TRY IT
Only the lines from the one containing "Россия, Ивановская область, Кохма, микрорайон" through the end of the records should be retyped, exactly and including both ends; pictures stay out.
--- SOURCE MATERIAL ---
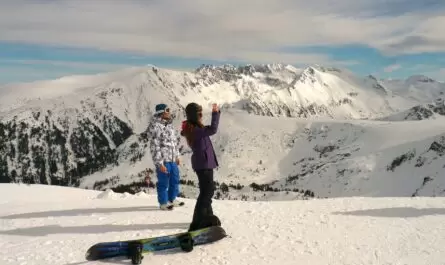 Les destinations d'hiver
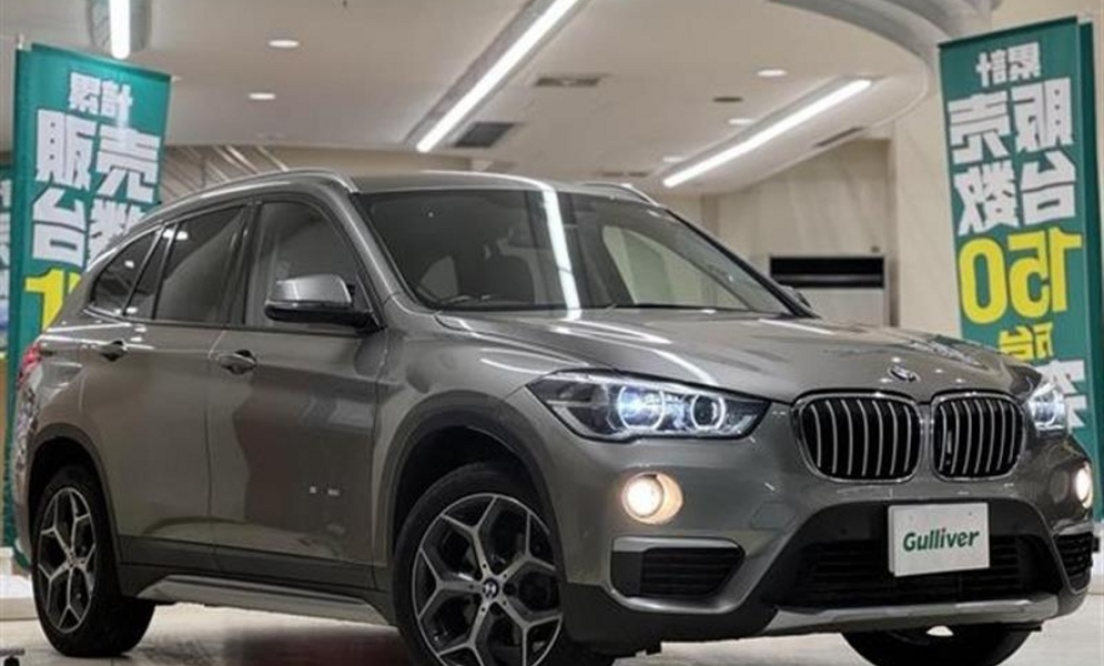 BMW X1 (Под заказ)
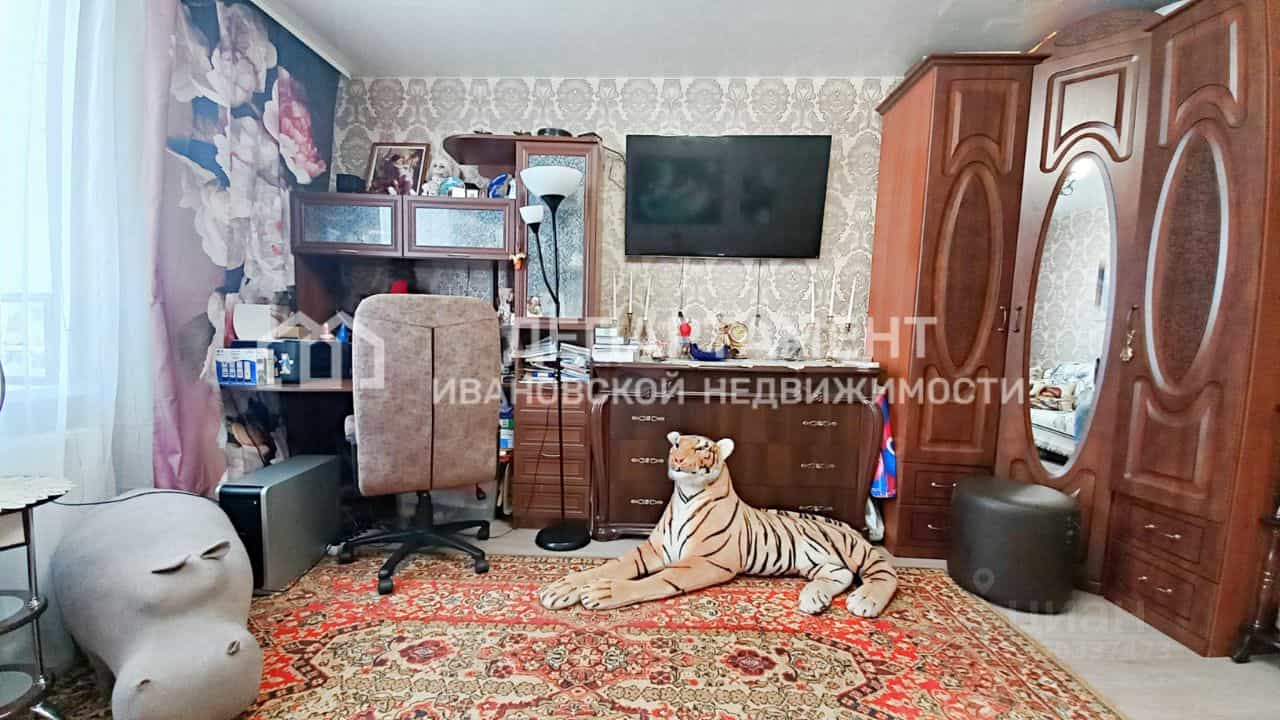 Россия, Ивановская область, Кохма, микрорайон Просторный, улица Александра Кувшинова, 1, фото 7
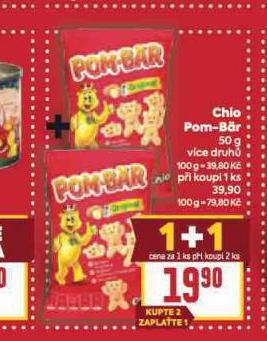 CHIO POM BR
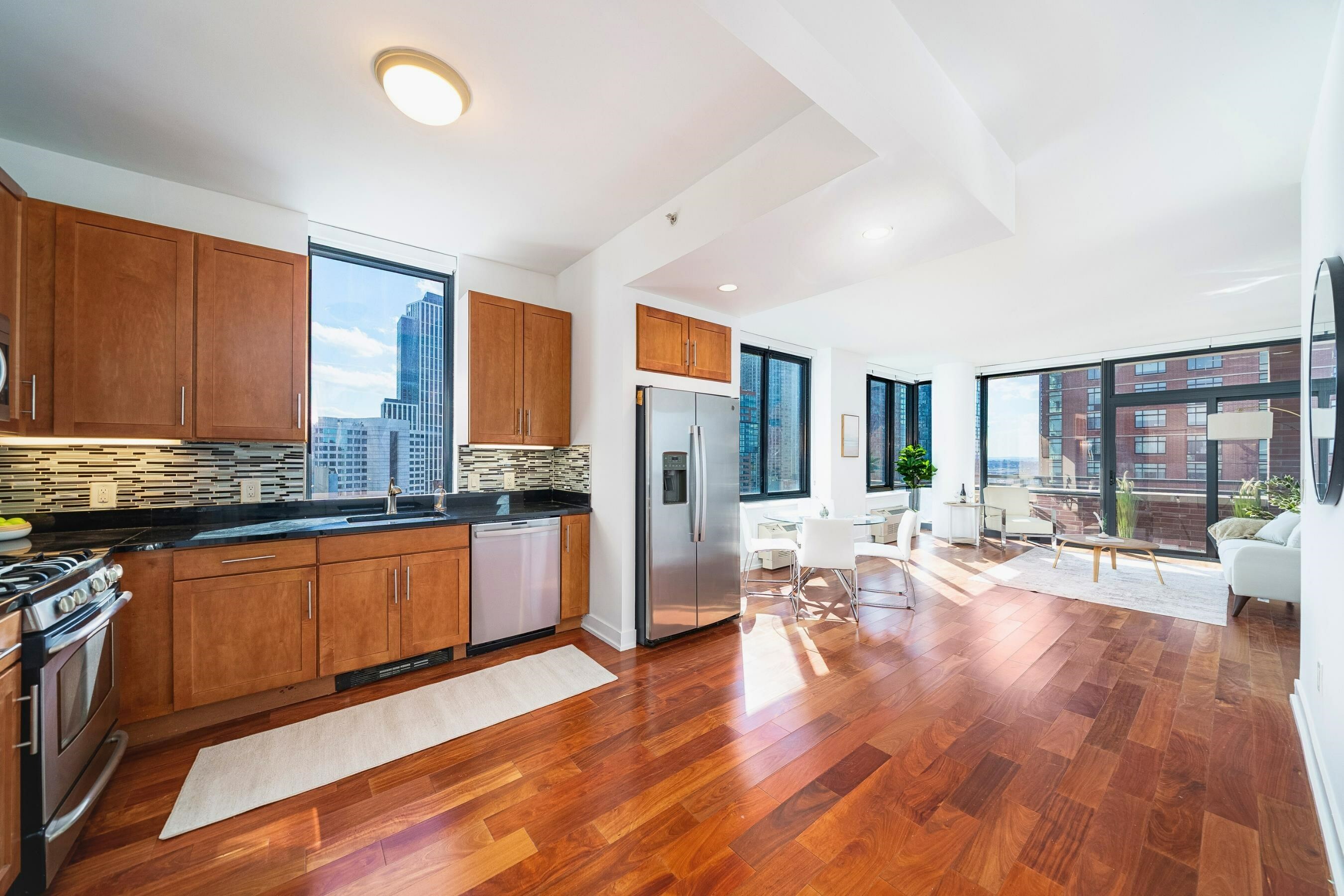 Property Photo: 389 Washington St 19 A NJ 07302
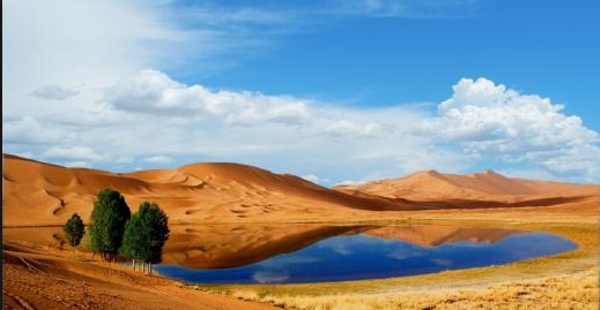 Xinjiang Desert Travel Information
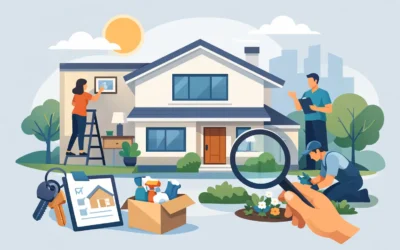 Cómo preparar una casa para vender bien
---
PROBLEM SOLUTION
 Россия, Ивановская область, Кохма, микрорайон Просторный, улица Александра Кувшинова, 1, фото 7
 CHIO POM BR
 Property Photo: 389 Washington St 19 A NJ 07302
 Xinjiang Desert Travel Information
 Cómo preparar una casa para vender bien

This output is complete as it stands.